### [The problem]
Retype the records below from their first line through the line containing "igtcasinolounge casino presented", and include nothing else.

--- Data under study ---

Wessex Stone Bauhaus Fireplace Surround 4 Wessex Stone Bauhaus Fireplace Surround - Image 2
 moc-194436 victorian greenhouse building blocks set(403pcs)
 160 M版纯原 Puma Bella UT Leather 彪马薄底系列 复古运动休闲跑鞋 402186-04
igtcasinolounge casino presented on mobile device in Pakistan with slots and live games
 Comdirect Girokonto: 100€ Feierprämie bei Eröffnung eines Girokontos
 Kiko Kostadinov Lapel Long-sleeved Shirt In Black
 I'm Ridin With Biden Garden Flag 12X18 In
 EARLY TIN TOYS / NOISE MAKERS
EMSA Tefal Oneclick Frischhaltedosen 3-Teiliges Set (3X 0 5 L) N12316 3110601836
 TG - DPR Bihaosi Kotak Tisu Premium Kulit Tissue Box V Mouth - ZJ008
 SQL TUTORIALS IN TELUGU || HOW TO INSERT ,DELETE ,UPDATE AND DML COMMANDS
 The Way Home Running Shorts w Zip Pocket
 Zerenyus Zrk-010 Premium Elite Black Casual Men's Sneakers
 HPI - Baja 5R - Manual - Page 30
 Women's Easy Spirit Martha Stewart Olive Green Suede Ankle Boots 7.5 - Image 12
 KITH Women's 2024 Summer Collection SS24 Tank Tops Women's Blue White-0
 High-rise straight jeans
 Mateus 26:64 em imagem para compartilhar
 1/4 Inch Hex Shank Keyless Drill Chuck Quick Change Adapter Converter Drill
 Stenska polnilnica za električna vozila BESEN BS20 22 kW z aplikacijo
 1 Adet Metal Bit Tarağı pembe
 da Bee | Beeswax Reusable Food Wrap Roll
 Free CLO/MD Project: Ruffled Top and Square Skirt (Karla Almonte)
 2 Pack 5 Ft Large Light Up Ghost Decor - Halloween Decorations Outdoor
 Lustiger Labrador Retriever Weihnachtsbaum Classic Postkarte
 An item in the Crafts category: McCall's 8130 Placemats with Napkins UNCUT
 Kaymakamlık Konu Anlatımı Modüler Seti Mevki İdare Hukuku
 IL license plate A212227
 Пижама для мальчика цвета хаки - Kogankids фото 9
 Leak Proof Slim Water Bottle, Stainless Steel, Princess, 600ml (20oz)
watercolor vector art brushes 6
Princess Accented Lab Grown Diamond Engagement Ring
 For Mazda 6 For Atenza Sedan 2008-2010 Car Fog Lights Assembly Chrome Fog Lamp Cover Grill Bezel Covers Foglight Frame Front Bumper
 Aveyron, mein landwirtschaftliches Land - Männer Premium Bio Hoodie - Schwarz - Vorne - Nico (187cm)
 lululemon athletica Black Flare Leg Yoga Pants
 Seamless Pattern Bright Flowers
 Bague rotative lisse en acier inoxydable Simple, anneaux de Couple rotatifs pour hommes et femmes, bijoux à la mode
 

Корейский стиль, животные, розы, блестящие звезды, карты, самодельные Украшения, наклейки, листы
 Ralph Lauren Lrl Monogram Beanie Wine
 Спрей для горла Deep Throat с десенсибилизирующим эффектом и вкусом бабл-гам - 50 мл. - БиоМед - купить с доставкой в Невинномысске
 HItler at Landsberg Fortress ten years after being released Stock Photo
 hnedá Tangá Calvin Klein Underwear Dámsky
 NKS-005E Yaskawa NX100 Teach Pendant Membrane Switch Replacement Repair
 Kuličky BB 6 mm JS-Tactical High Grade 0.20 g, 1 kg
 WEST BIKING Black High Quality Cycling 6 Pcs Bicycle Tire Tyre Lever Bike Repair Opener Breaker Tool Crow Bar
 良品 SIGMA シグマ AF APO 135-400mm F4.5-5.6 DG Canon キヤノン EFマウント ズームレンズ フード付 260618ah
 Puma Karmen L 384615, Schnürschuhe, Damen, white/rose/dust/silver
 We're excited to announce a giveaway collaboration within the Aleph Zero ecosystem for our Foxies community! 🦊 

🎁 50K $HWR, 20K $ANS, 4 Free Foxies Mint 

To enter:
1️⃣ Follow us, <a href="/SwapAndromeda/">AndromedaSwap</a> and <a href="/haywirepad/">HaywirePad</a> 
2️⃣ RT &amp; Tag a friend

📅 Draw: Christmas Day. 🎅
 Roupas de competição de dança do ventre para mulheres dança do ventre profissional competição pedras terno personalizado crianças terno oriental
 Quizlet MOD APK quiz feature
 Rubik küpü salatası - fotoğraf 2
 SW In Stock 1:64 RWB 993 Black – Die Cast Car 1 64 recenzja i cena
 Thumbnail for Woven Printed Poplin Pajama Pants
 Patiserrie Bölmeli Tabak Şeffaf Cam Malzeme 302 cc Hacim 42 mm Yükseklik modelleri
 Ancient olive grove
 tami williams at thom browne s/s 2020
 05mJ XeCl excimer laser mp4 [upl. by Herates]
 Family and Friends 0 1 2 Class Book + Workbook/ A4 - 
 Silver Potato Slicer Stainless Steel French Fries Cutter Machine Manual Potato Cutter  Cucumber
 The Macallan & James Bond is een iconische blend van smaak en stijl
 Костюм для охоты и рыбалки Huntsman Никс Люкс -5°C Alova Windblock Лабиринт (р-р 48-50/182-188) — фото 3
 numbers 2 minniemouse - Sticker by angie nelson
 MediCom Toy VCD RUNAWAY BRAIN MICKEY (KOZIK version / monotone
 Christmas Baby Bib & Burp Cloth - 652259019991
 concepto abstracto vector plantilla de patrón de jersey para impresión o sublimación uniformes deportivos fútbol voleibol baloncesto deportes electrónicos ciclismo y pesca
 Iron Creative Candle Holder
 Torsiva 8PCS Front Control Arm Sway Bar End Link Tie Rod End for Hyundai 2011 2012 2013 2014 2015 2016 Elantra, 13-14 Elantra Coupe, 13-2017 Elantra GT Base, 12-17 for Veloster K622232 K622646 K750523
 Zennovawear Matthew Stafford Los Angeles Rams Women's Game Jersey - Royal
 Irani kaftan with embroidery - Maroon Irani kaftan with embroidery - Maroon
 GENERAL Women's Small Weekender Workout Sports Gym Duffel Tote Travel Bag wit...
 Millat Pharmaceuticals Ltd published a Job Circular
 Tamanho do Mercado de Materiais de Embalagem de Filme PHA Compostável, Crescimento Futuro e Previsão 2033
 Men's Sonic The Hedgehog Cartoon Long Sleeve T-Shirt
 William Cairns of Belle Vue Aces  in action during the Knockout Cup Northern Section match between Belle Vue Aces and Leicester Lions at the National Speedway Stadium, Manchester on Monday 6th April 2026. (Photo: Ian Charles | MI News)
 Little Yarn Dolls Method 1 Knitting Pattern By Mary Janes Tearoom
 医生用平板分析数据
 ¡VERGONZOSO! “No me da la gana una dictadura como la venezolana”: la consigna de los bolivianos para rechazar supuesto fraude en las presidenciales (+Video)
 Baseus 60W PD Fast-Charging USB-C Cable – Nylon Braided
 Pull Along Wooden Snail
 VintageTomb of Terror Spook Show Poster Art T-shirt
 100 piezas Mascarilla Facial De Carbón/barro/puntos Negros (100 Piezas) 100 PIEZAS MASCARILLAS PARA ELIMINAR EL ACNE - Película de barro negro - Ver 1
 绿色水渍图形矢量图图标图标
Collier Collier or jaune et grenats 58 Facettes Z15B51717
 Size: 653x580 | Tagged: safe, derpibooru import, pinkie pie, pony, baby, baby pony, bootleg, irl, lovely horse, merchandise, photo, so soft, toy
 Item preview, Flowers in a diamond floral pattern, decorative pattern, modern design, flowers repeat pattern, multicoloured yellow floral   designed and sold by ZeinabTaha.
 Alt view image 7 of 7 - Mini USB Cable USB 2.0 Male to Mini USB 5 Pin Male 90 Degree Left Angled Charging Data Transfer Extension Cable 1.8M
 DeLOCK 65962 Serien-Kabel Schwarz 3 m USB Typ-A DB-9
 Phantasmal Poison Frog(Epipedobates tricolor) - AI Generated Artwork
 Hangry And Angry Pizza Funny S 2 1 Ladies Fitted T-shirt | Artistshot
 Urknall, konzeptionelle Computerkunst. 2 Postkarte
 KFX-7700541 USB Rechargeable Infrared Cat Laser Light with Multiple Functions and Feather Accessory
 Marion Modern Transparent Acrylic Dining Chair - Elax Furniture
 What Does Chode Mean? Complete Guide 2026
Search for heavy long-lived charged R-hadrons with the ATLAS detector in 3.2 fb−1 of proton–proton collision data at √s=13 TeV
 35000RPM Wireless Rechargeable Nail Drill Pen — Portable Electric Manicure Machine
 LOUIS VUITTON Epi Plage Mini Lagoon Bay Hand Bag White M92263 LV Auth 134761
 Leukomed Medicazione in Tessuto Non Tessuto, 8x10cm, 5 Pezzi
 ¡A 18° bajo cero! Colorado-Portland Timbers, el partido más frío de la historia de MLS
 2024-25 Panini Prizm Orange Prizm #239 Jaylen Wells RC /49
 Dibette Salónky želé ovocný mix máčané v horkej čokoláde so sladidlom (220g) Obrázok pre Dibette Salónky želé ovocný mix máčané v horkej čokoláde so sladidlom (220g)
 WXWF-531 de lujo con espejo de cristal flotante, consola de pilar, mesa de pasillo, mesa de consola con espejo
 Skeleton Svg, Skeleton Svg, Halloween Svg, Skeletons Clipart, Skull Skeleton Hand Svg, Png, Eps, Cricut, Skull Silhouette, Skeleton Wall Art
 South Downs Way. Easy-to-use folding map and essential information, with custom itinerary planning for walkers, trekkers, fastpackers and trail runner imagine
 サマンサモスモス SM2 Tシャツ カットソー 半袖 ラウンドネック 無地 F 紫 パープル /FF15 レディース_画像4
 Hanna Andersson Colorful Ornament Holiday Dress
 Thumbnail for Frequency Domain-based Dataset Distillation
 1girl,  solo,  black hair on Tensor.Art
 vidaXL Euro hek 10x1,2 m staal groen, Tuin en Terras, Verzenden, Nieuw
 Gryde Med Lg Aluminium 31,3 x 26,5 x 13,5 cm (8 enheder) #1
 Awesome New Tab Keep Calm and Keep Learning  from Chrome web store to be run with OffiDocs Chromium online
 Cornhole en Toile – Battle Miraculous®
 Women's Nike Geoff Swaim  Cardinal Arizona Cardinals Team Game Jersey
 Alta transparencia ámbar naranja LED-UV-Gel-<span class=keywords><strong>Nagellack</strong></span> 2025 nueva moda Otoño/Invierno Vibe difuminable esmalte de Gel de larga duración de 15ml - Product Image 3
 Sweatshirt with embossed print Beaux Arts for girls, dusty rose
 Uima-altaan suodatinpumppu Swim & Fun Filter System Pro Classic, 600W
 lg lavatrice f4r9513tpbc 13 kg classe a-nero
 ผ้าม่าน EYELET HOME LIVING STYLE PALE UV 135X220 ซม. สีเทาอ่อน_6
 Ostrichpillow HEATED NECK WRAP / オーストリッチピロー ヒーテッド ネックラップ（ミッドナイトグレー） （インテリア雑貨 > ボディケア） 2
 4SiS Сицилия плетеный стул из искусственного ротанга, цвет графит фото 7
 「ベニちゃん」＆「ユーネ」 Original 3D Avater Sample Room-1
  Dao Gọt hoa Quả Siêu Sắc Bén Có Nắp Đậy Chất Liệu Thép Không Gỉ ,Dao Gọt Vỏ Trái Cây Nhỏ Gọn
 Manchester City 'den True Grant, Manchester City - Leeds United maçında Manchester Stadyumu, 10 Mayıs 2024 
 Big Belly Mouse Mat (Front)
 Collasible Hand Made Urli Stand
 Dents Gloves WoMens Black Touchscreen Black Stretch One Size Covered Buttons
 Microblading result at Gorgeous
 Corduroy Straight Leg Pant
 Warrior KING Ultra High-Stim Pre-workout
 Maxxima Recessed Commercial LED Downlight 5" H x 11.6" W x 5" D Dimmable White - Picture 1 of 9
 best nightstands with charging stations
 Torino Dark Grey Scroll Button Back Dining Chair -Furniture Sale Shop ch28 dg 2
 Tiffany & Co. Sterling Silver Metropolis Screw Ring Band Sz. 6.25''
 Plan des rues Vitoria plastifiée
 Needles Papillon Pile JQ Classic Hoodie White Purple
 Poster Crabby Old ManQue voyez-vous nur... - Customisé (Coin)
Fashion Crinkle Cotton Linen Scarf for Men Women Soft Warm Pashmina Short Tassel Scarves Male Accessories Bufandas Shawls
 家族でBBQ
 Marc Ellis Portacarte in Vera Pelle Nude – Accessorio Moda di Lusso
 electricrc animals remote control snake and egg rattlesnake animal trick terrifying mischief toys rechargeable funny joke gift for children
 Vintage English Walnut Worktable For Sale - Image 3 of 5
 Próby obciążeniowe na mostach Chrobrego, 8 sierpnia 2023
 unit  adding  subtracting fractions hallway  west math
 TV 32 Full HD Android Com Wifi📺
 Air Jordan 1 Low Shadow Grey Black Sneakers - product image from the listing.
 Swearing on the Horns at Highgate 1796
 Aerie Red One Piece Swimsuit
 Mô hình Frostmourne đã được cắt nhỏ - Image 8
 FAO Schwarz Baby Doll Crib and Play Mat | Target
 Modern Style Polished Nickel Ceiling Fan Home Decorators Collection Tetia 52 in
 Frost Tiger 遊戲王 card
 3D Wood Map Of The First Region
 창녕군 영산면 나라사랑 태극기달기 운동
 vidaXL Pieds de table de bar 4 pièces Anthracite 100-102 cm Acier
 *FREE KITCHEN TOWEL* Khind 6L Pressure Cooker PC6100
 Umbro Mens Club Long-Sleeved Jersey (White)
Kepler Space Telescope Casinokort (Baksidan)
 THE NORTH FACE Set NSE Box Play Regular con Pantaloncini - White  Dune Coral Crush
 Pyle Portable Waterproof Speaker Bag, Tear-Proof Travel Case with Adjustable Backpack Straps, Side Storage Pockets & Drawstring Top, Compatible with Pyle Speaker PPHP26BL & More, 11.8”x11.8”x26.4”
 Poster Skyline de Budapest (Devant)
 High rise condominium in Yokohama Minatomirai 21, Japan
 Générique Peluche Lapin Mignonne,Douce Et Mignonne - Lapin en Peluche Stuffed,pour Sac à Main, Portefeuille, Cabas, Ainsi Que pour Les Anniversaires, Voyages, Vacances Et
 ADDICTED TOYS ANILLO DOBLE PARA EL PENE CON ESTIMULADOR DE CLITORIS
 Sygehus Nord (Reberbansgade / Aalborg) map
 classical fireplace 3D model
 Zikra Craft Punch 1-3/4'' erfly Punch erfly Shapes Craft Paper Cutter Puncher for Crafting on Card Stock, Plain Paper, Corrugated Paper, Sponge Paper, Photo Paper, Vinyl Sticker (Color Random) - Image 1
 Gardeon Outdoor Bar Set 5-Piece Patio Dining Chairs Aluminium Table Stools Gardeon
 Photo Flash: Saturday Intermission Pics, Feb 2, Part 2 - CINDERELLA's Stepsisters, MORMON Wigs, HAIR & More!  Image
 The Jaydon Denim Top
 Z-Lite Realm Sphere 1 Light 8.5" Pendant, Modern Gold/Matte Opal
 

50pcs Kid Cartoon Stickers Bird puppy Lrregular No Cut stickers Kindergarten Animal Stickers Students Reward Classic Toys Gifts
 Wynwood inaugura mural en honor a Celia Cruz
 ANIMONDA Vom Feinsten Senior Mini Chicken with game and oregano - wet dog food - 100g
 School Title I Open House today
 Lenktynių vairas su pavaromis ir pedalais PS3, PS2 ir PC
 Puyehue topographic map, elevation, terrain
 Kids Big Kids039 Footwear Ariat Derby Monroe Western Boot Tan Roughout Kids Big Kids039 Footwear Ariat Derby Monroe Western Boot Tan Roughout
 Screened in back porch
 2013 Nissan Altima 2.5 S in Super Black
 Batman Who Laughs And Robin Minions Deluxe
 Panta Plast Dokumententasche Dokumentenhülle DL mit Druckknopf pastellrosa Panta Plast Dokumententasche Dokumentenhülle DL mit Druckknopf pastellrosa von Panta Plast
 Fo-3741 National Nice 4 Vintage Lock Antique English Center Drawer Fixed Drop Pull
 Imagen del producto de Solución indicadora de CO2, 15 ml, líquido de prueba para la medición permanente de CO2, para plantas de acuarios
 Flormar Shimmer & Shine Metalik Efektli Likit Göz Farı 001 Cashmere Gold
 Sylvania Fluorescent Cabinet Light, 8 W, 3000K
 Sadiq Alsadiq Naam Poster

---

### [Task solution]
Wessex Stone Bauhaus Fireplace Surround 4 Wessex Stone Bauhaus Fireplace Surround - Image 2
 moc-194436 victorian greenhouse building blocks set(403pcs)
 160 M版纯原 Puma Bella UT Leather 彪马薄底系列 复古运动休闲跑鞋 402186-04
igtcasinolounge casino presented on mobile device in Pakistan with slots and live games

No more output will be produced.